スタッドレスタイヤはサイズや性能にもよりますが、20,000円〜150,000円まで様々。およそ2〜3年で買い替える方が多いですが、年間の維持費で考えると大きな出費になりますね。

「必要か、不要か」だけではない、車を持つことのメリット

車を持つと行動範囲が一気に広がる!

必要か、不要かという現実的な問題だけで車の所有を考えてしまうのは、もしかしたらちょっと勿体ないかも。

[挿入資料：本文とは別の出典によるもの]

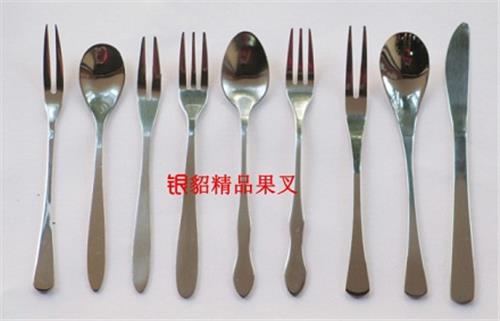 不锈钢刀叉勺筷|月饼刀叉餐具散装|现货|节庆超市特惠礼品 
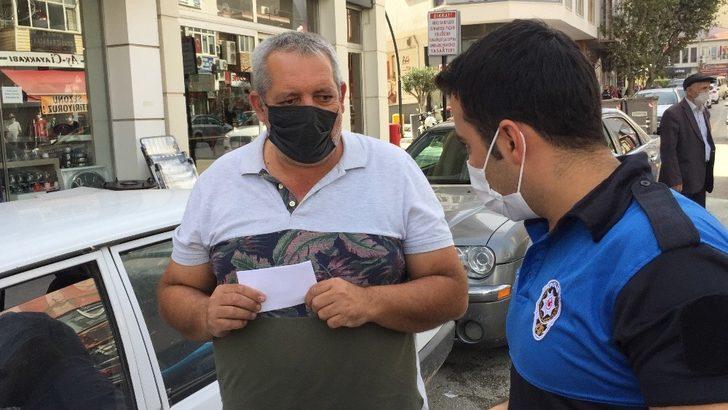 Polisler ceza makbuzu şeklindeki broşürlerle hırsızlığa dikkat çekti G5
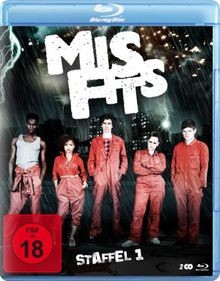 Misfits staffel blu ray - staffel, 1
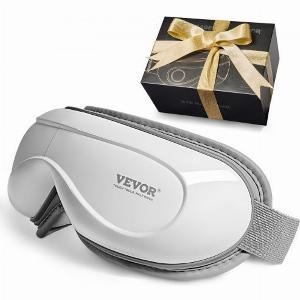 VEVOR Heated Eye Massager Eye Care Device 5 Modes Bluetooth Music 180 Foldable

はじめて車を持つと、それまでから行動範囲が一気に広がり、同時に視野も広がります。多くの方にとって、それは自分で思っていた以上の変化のはず。

もちろん、車を所有することは大きな出費が伴いますが、車は生活に大きな変化をもたらしてくれる存在でもありますね。

車を持つと、新しい自分だって見つかるかも

生活圏が広がると、お買い物でもいつものスーパー以外の選択肢が増えて、日用品の買い出しでさえちょっと楽しくなりますね。

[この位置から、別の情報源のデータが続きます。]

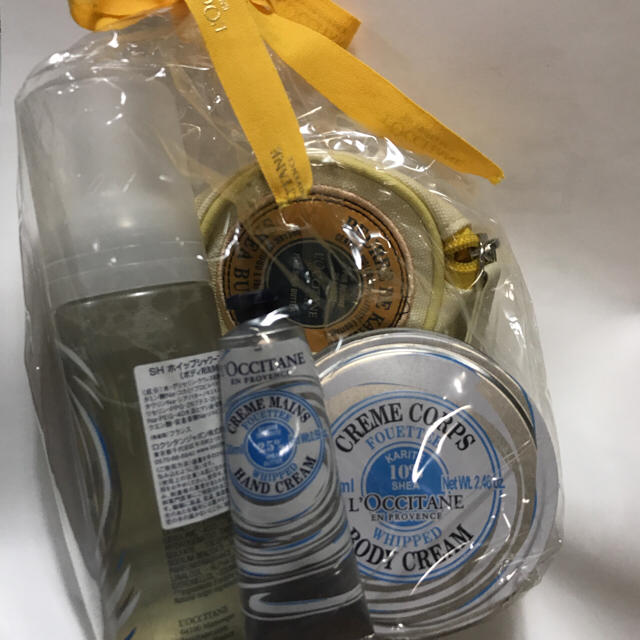 L'OCCITANE(ロクシタン)のロクシタンシアホイップセット その他のその他(その他)の商品写真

ちょっとした気分転換にドライブを楽しんだり、気になるスポットへも「今度の週末に行ってみようかな」と気軽に行ける様になります。

海や山でレジャーを楽しんだり、新しい趣味にチャレンジしてみたり、自動車は新しい自分を見つけさせてくれる存在でもあります。

札幌のカーライフを楽しんで

札幌では、高校の交通機関の発達もあり車の必要性を感じていないことに多いですね。

しかし、車は「必要か、必要で無いか」だけでなく自分自身や生活に良い変化をもたらしてくれる存在でもあります。

高い維持費がかかっても、車を持つのはそれだけの価値があるはず。

ぜひ札幌のカーライフを楽しんでくださいね!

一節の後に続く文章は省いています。